Saved data entries

+++

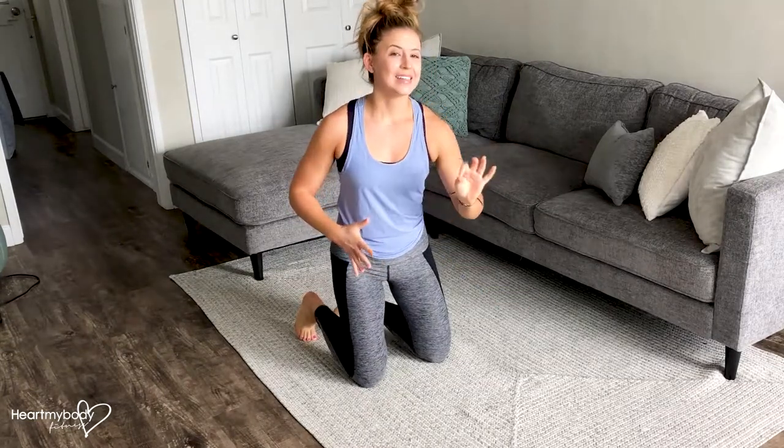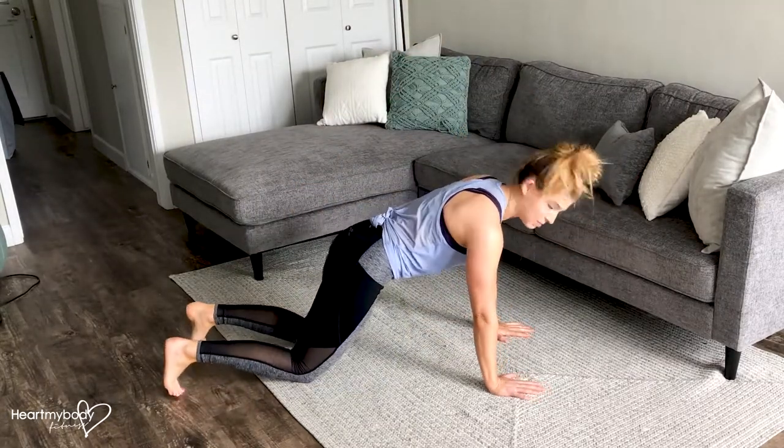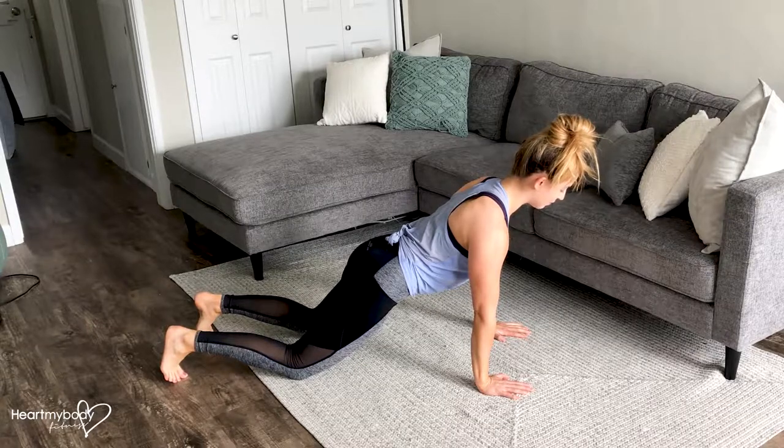For an eccentric push-up, it's less about pushing up as it is about slowly lowering down. So get into a push-up position. We'll start on our knees for this. Squeeze your glutes, pull your abs in, press your chest and back nice and flat.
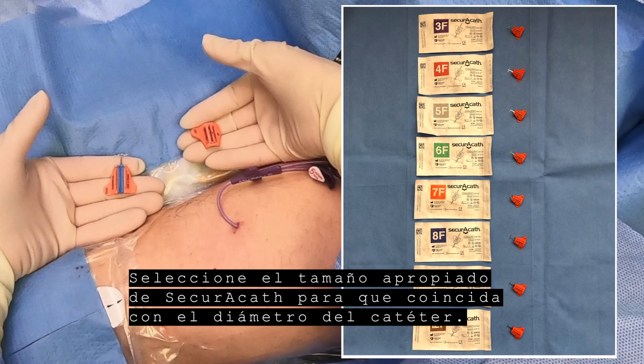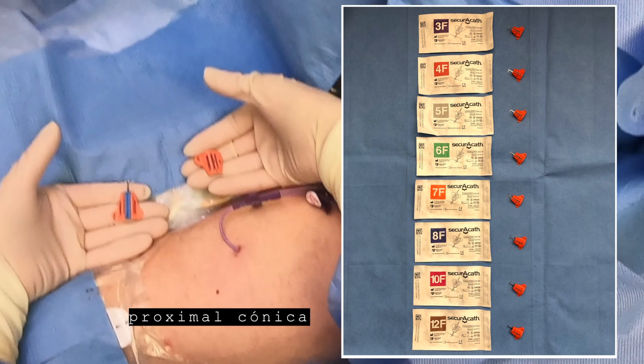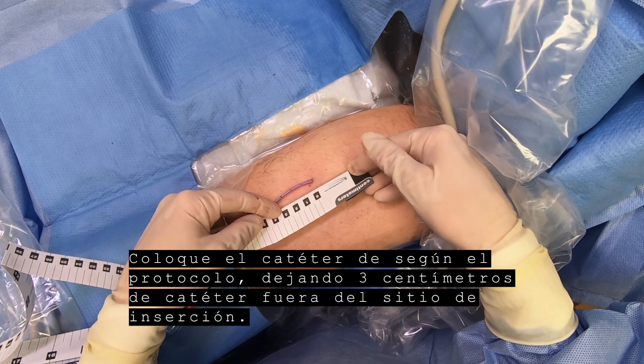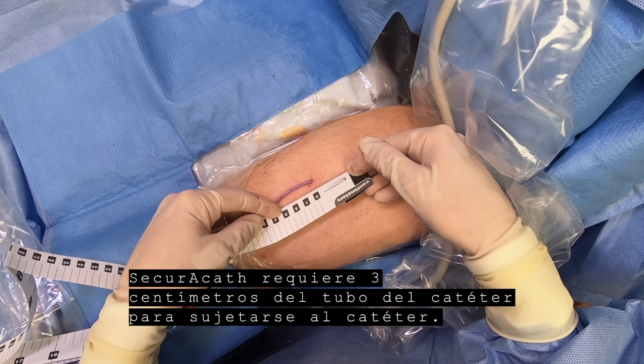Select the appropriate size SecuraCath to match the catheter diameter. The SecuraCath has been designed to work with both straight shaft and reverse tapered catheters. Place the catheter according to protocol, leaving 3 cm of catheter external to the insertion site. The SecuraCath requires 3 cm of catheter shaft to attach to the catheter.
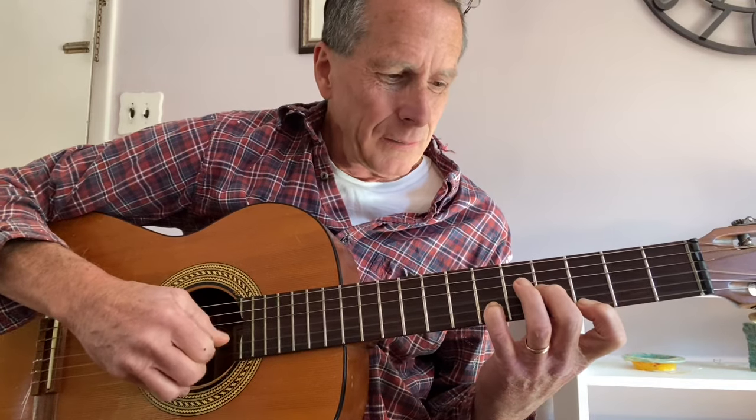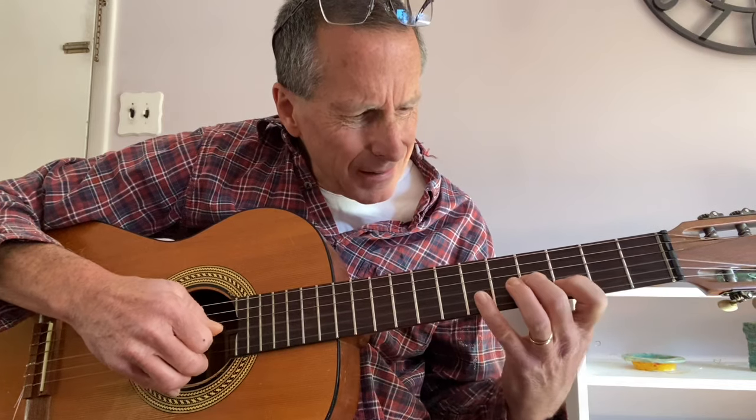Our last G7 chord here is the third, the seventh, and the root. Kind of a big stretch, but it's playable — it's kind of hard to do — ending on the third again. The scale starts on the chord tone and is all diatonic: B, C, D, E, F, G, A, B.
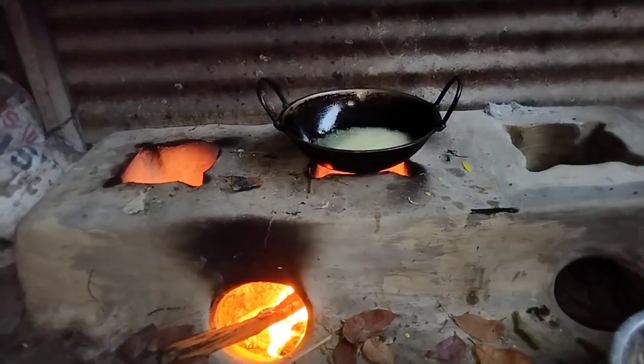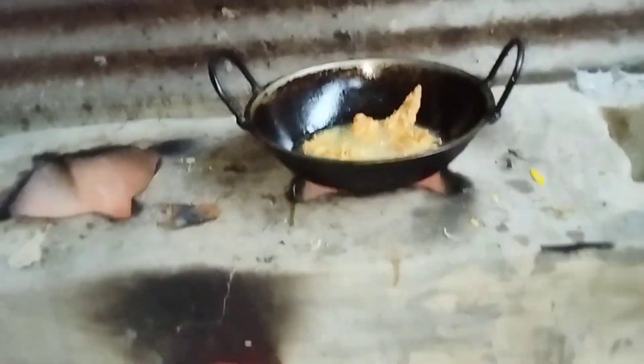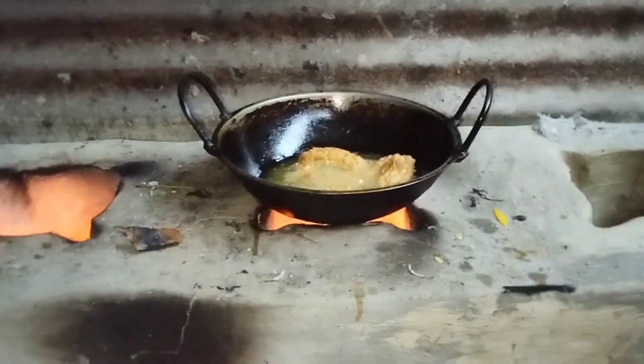The water will help. This is a medium low flame. This is a low flame. This is a big flame.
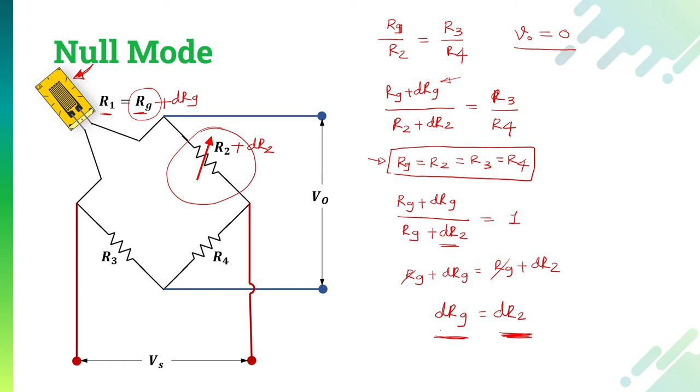This is what we normally do in the null method. Remember that the null method is basically superior to the deflection method because the strain gauge indicators calibrated under this method exhibit two major properties: first is linearity, and second is higher accuracy. That is why the null method is most commonly used.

+++

- [TASK PROMPT] Restate exactly, please, only the lines between the start of the data and the line containing "Select the appropriate", both ends included, skipping the pictures.

- [RESULT OF THIS EXERCISE]
For an eccentric push-up, it's less about pushing up as it is about slowly lowering down. So get into a push-up position. We'll start on our knees for this. Squeeze your glutes, pull your abs in, press your chest and back nice and flat.
Select the appropriate size SecuraCath to match the catheter diameter. The SecuraCath has been designed to work with both straight shaft and reverse tapered catheters. Place the catheter according to protocol, leaving 3 cm of catheter external to the insertion site. The SecuraCath requires 3 cm of catheter shaft to attach to the catheter.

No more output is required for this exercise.